Abundances of some trace and minor elements appear to have been little affected by the process of rodingitization or by the succeeding episodes of eclogite and amphibolite facies metamorphism. They suggest sea-floor tholeiitic basalt affinities and a possible oceanic origin for the ultramafic-mafic rock suite at Cima di Gagnone. An eclogite facies garnet Iherzolite assemblage is preserved in one of the ultramafic bodies.

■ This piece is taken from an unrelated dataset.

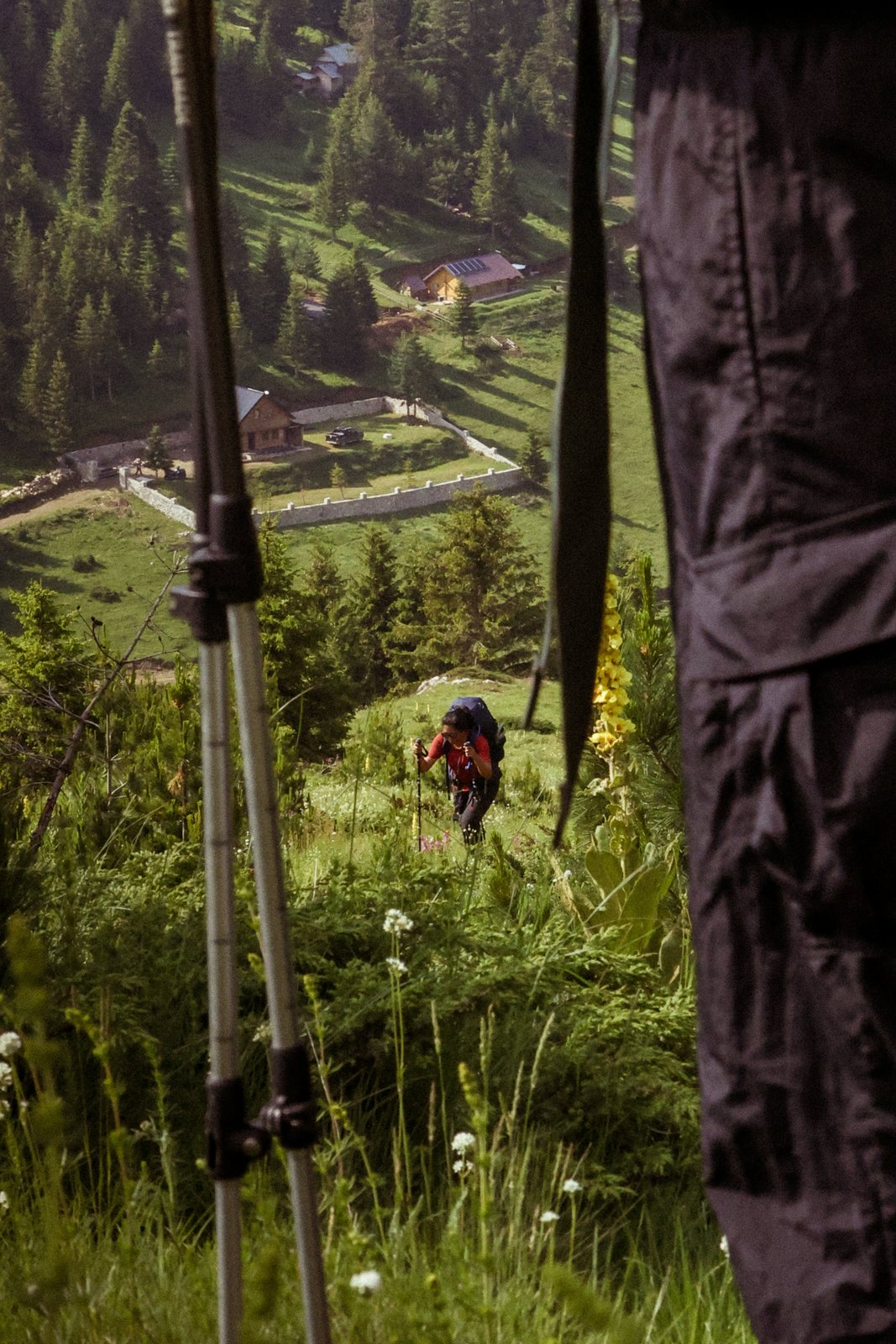 A hiker on a meadow trail seen between trekking poles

The KD for Fetotal/Mg partitioning between garnet and clinopyroxene averages 6 in the eclogites, and rises, with increase in grossular component in the garnet, to 15 in the more calcic metarodingites. The Råheim and Green temperature calibration applied to eclogites with garnets containing up to 25 percent grossular component, and a new calibration by Ganguly suitable for low-Na pyroxene-calcic garnet pairs applied to the metarodingites, give comparable values and suggest conditions for the eclogite facies metamorphism were likely to have been 800°C, P ≈ 25 kbar. Similar values have previously been obtained for the Gagnone garnet Iherzolite. These conditions do not overlap those estimated for the Tertiary Central Alpine Barrovian-style metamorphism in the area (600±100°C, P < 10 kbar).
The Central Alpine metamorphic overprint did not reequilibrate Fe and Mg between garnet and pyroxene. However, it partially amphibolitized the eclogites and was responsible for hornblende and epidote growth in the metarodingites. Contact reaction zones (probably polymetamorphic) between metarodingite boudins and ultramafic rock contain hornblende, diopside, epidote, sphene, and chlorite; contact zones against eclogite contain the same minerals, except for garnet instead of diopside. Phlogopite and staurolite have been found in amphibolitized eclogite.
Assuming metasomatic rodingitization to be an exclusive accompaniment of serpentiniza-tion, the mafic-ultramafic rock suite at Cima di Gagnone must, at an early stage in its metamorphic history, have been in a low T, low P environment. This was followed by subduction and eclogite facies metamorphism, then tectonic uprise to shallower depths, and regional Barrovian-style metamorphism.